The recent controversies over Disney's filming of its live-action movie Mulan in China's Xinjiang Ugyur Autonomous Region and its credits thanking security and publicity departments in Xinjiang which offered assistance to the filming did not end here. On Friday, a bipartisan group of US lawmakers asked Walt Disney Co. Chief Executive Officer Bob Chapek to explain the company's contacts with Xinjiang during the production of the film.
Expectedly, these lawmakers include radical anti-China Republican senators Marco Rubio and Tom Cotton who are addicted to finding faults with China over every single issue and who are always at the frontline of the US' anti-China path.
The promotion of Mulan was not smooth from the very beginning. US politicians might not like Mulan because the film is full of Chinese elements. With the mentality of decoupling with China economically and culturally, they just don't want American audiences to be exposed to anything related to China.
When showing their biting teeth to China, US politicians often lecture China about what the market really means when it comes to US dissatisfaction with China's state role in its economy. Claiming that they are standing on high moral ground, they also tout freedom of expression in films and social life. But when it comes to the practices of their country and their own, all their rhetoric just falls flat.
The New York Times in a 2019 article calls American companies' way of doing business in China as an "accession to China's limits on liberty" and "corporate capitulation." "If the first and most important cost of doing business in China is the surgical extraction of a CEO's spine, many businesses are only too happy to provide the stretcher and the scalpel," reads the article. Ironically, the ones that provide the stretcher and the scalpel are political clowns like Rubio and Cotton. Now they are using their coercive tactics on American companies.
The choice of places for production is supposed to be free to filmmakers who are trying their best to make artistic works to serve their audience. This is considered the essence of the market. The credit given to those who lend a helping hand is also a professional and sensible etiquette. If Disney bows to the pressure of US lawmakers, that's the real humiliation for the US version of the market and liberty.
As US politicians keep politicizing the episode over Mulan, they are fanning the flames of anti-China sentiment in the US. Their Xinjiang card is never about the Xinjiang people's well-being, but a convenient lever they use to strategically contain China.
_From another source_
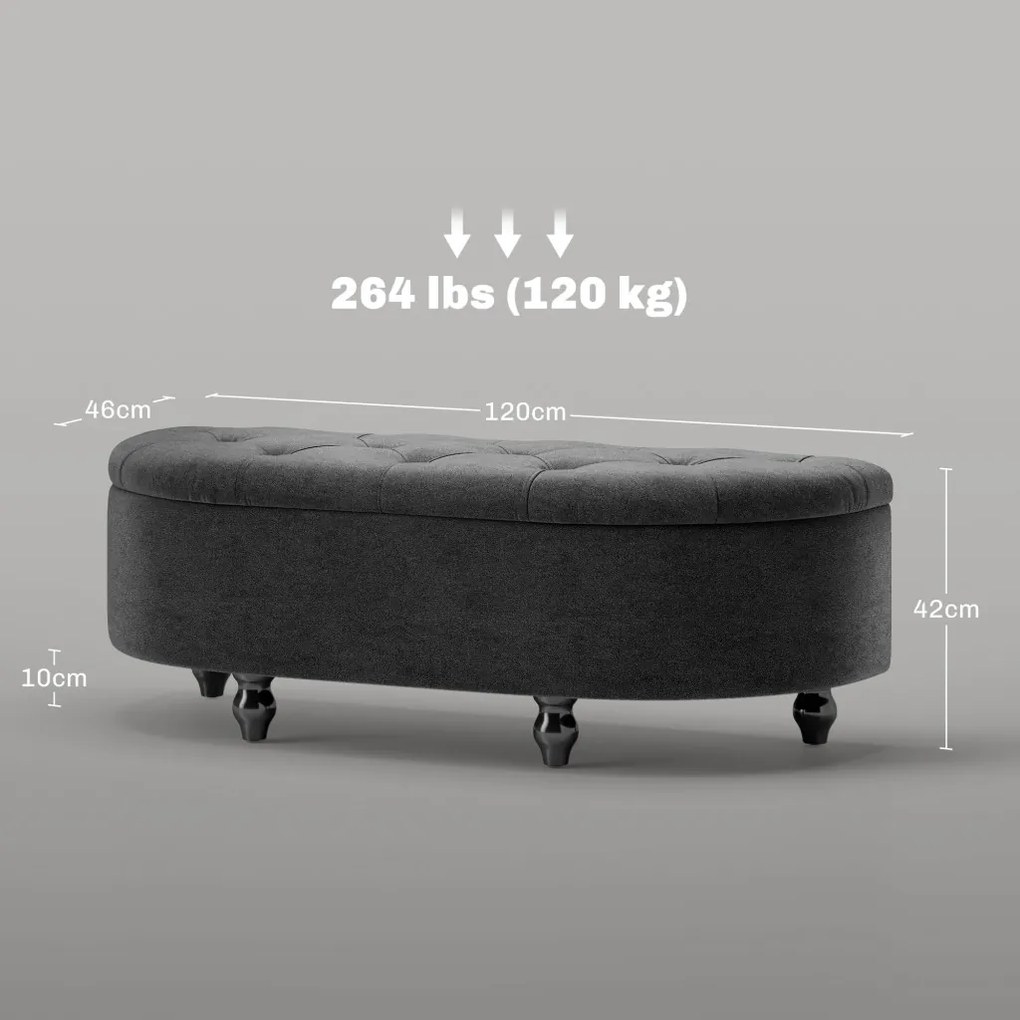 HOMCOM Puff tárolóval, kárpitozott, lágyan záródó fedéllel, bársonyhatású, 120 x 46 x 42 cm, sötétszürke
Whenever there is a China-related issue, restless US anti-China politicians will make clamor. The truth-seeking spirit needed to form a correct understanding of China just does not exist in them. Their understanding of Xinjiang is particularly detached from reality. They refuse to think seriously about China, but only oppose for the sake of opposing anything about China. The US society's understanding of China is now manipulated by a group of certain anti-China political fanatics, which is a loss to the US only.